Doña Chilo: ¡Silencio! Mire, Guille, aquí todas hacemos propuestas y a nadie le decimos que no. Usted ya dijo de su misa y tan tan. Además, traer una pañoleta es un símbolo de lucha. Y las muchachas se fregaron varios días para comprar la tela y bordarla muy bonito. Y se pone la pañoleta o no hay misa. ¿Cómo ve?

–Doña Guille: Pues me niego y le voy a decir al padre Abel.

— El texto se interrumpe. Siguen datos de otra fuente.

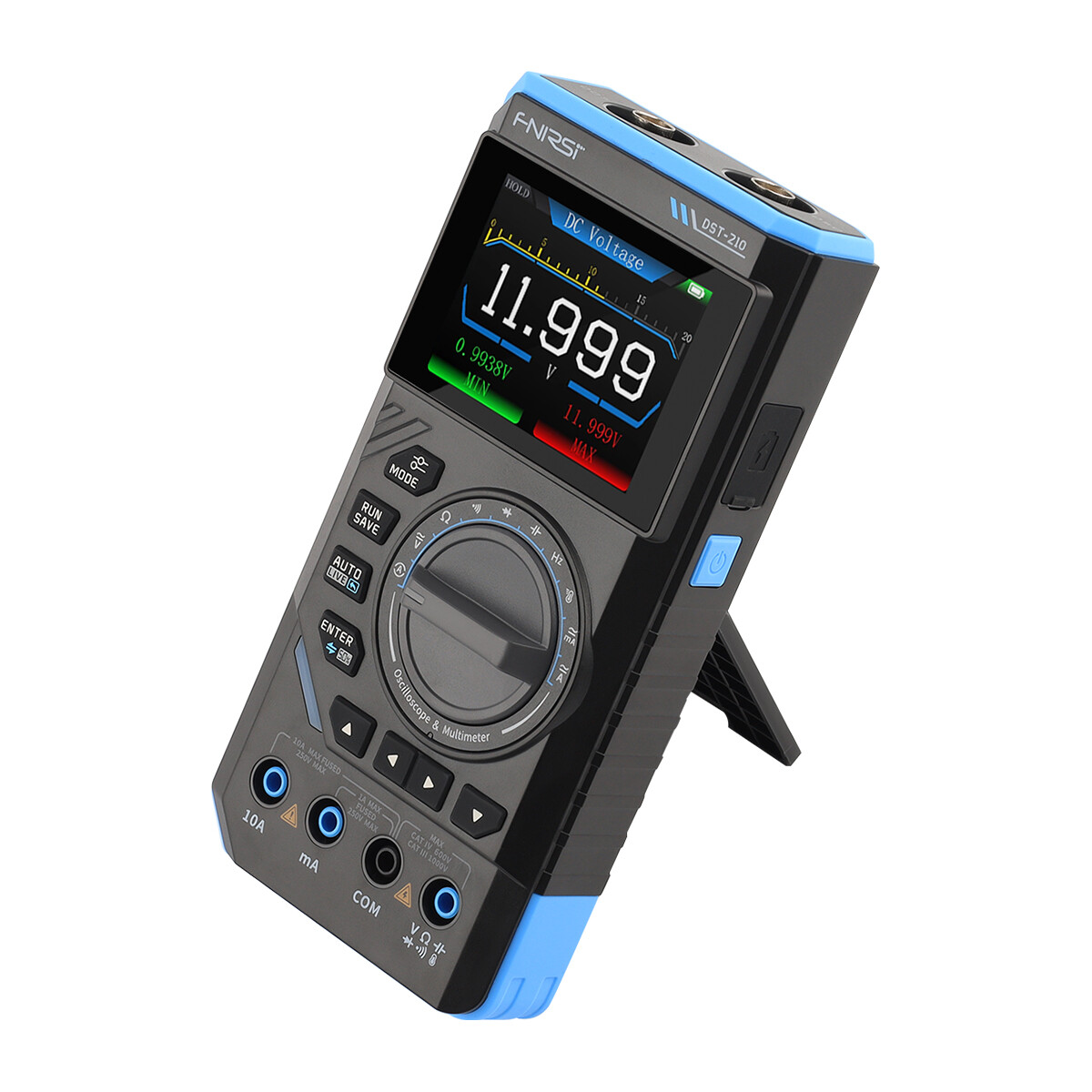 FNIRSI DST210 3-In-1 Handheld Digital Oscilloscope Multimeter Signal Generator`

Y no cuenten conmigo. ¡ATEAS! (Guille se va de la reunión rezando un Padre Nuestro).

–Doña Chilo: Bueno, ahora sí ya se fue Doña Remilgos. Ya saben, todas en la plaza con su pañoleta verde, para marchar y protestar. ¡Abajo el sistema patriarcal! ¡Vivas nos queremos! ¡Sí al aborto! Esto se va a poner bueno.

¡SI SOR JUANA VIVIERA, CON NOSOTRAS ESTUVIERA!